Only the lines from the one holding "Yellowstone Patches Premium" through the end of the material are to be repeated, exactly and without pictures.

* **Input data**:
------------------------------------------------------------------------

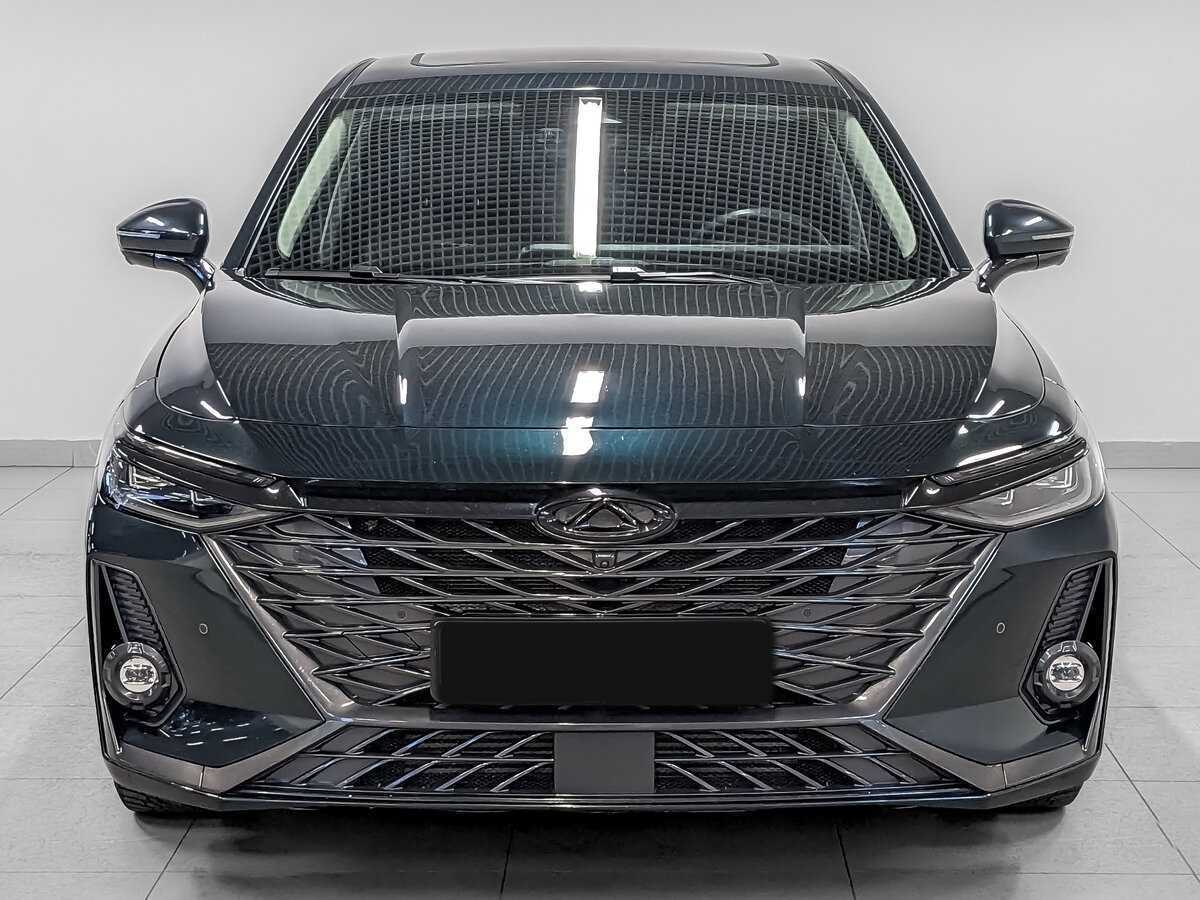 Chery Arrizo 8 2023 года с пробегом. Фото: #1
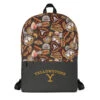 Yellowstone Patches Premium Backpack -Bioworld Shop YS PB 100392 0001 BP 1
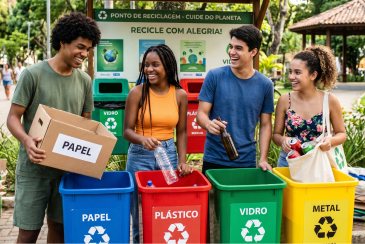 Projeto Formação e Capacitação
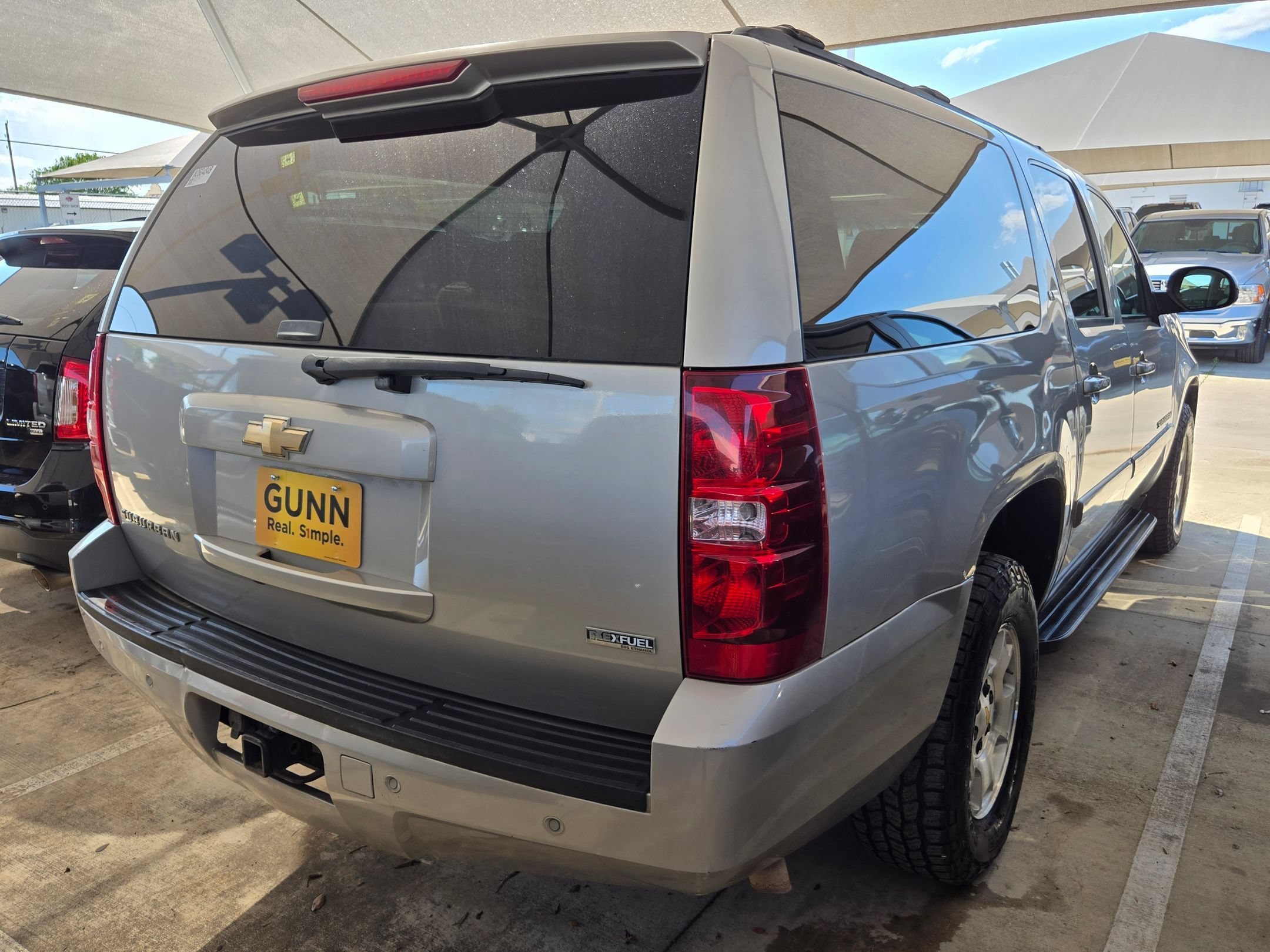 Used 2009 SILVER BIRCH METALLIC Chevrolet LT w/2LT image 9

------------------------------------------------------------------------

* **Task output**:
 Yellowstone Patches Premium Backpack -Bioworld Shop YS PB 100392 0001 BP 1
 Projeto Formação e Capacitação
 Used 2009 SILVER BIRCH METALLIC Chevrolet LT w/2LT image 9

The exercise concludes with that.